Daniel Glattauer beglückt uns mit seiner neuen Komödie Die Wunderübung und führt uns zugleich tief durch den Dschungel zwischenmenschlicher Beziehungen und Gefühle: Ein Wunder, dass Menschen überhaupt miteinander auskommen.
von SARAH HERHAUSEN
Joana und Valentin Dorek sind am Ende: Bei dem Ehepaar ist absolut die Luft raus. Joana straft ihren Mann mit ihrem andauernden Redeschwall ab. Valentin gibt den Coolen, der sich nichts annimmt. Beiden ist ihre ausweglose Situation klar, beide suchen die Fehler aber nur beim jeweils Anderen. Von Verständnis füreinander keine Spur. Der Therapeut, an den sie sich wenden, steht vor einer großen Aufgabe, die sich nicht durch herkömmliche Übungen lösen lässt. Da muss dann die titelgebende Wunderübung her!
Spiegel der Emotionen
Wieder einmal beschreibt Glattauer präzise die Gefühlswelt der Menschen. Er zeigt die Abgründe zwischenmenschlicher Beziehungen und hält uns den Spiegel vor. So kratzbürstig wie Joana waren wir doch alle bereits mal. Und so stur wie Valentin waren Sie doch sicherlich auch schon, oder?

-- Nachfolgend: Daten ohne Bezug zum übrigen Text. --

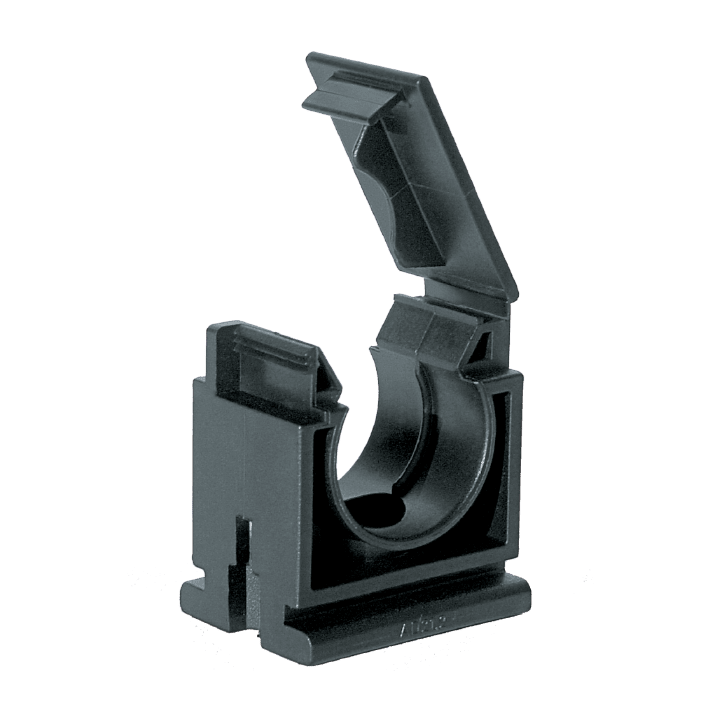 DKC EUROPE - Collare fissatubo monopezzo in poliamide nero AD10 PA AD10 nero. 5043-07N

Wie immer schreibt Glattauer mit Witz und Charme, obwohl das Ehepaar Dorek einen wirklich furchtbaren Auftritt hinlegt. Man ist geneigt, die beiden rauszuwerfen und mit dem Therapeuten Mitleid zu haben. Gleichzeitig fühlt man jedoch mit den Ehepartnern und wünscht sich ein Happy-End. Glattauer schafft es, die Gedanken des Lesers zu lenken, ihn auf seine Seite zu bringen. Es gelingt ihm, den Leser, trotz der Kürze des Textes und den doch eindeutig nicht sehr sympathischen Hauptfiguren Joana und Valentin, in die emotional aufgeladene Gefühlswelt des Textes hineinzuziehen.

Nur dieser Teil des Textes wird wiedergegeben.